7        L’articolo 9 della medesima direttiva, intitolato «Atti di persecuzione», dispone quanto segue:

«1.      Sono atti di persecuzione ai sensi dell’articolo 1 A della convenzione di Ginevra gli atti che:

a)      sono, per loro natura o frequenza, sufficientemente gravi da rappresentare una violazione grave dei diritti umani fondamentali, in particolare dei diritti per cui qualsiasi deroga è esclusa a norma dell’articolo 15, paragrafo 2, della convenzione europea per la salvaguardia dei diritti dell’uomo e delle libertà fondamentali [firmata a Roma il 4 novembre 1950]; oppure

b)      costituiscono la somma di diverse misure, tra cui violazioni dei diritti umani, il cui impatto sia sufficientemente grave da esercitare sulla persona un effetto analogo a quello di cui alla lettera a).
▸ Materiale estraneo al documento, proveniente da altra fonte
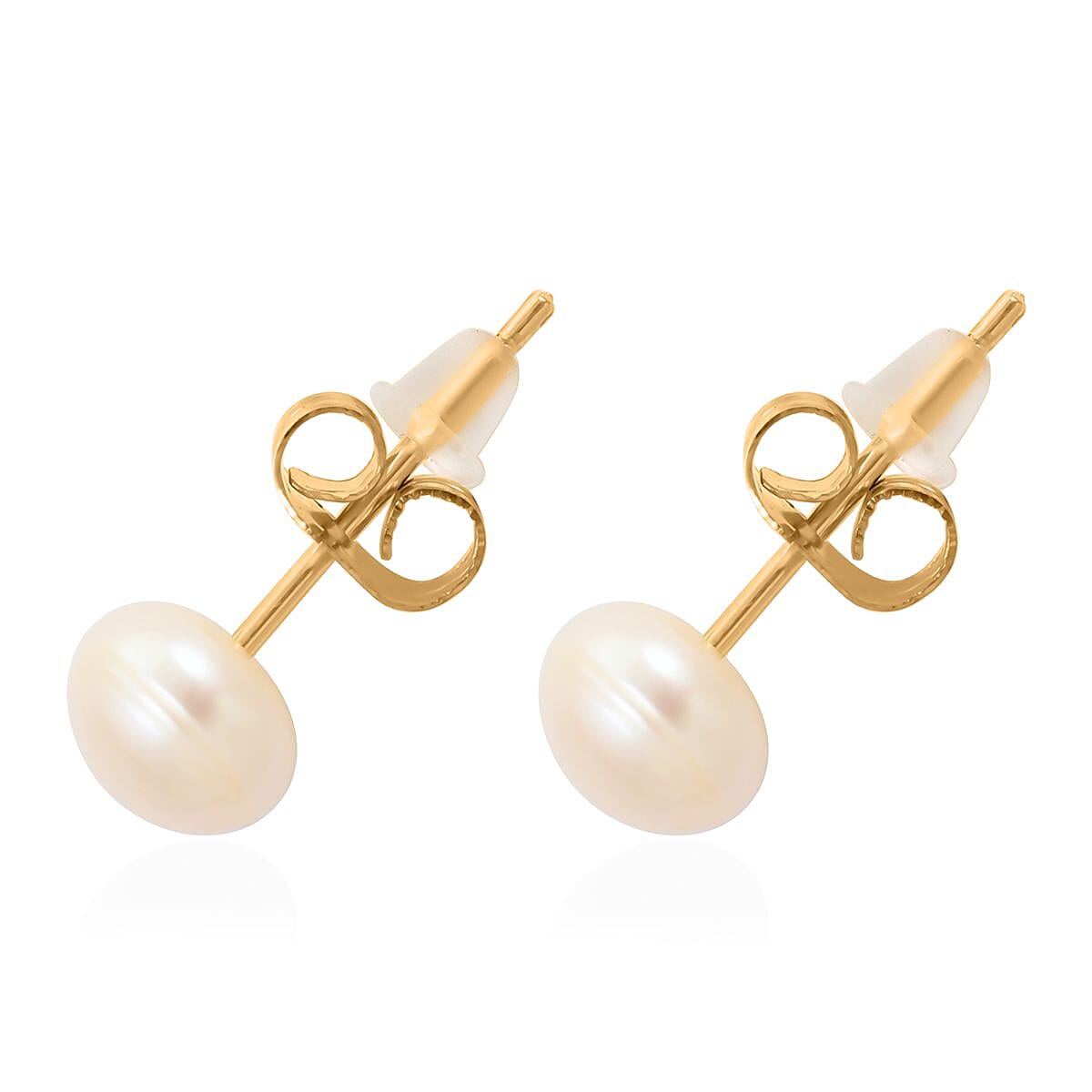 Mother Of Pearl and Freshwater Pearl Ring (Size 8.0) and Earrings in ION Plated YG Stainless Steel image number 6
2.      Gli atti di persecuzione che rientrano nella definizione di cui al paragrafo 1 possono, tra l’altro, assumere la forma di:

(...)

e)      azioni giudiziarie o sanzioni penali in conseguenza al rifiuto di prestare servizio militare in un conflitto, quando questo comporterebbe la commissione di crimini, reati o atti che rientrano nell’ambito dei motivi di esclusione di cui all’articolo 12, paragrafo 2;

(...)

3.      In conformità dell’articolo 2, lettera d), i motivi di cui all’articolo 10 devono essere collegati agli atti di persecuzione quali definiti al paragrafo 1 del presente articolo o alla mancanza di protezione contro tali atti».

8        L’articolo 10 della direttiva 2011/95 è così formulato:

«1.      Nel valutare i motivi di persecuzione, gli Stati membri tengono conto dei seguenti elementi:

(...)

e)      il termine “opinione politica” si riferisce, in particolare, alla professione di un’opinione, un pensiero o una convinzione su una questione inerente ai potenziali persecutori di cui all’articolo 6 e alle loro politiche o metodi, indipendentemente dal fatto che il richiedente abbia tradotto tale opinione, pensiero o convinzione in atti concreti.

2.      Nell’esaminare se un richiedente abbia un timore fondato di essere perseguitato è irrilevante che il richiedente possegga effettivamente le caratteristiche razziali, religiose, nazionali, sociali o politiche che provocano gli atti di persecuzione, purché una siffatta caratteristica gli venga attribuita dall’autore delle persecuzioni».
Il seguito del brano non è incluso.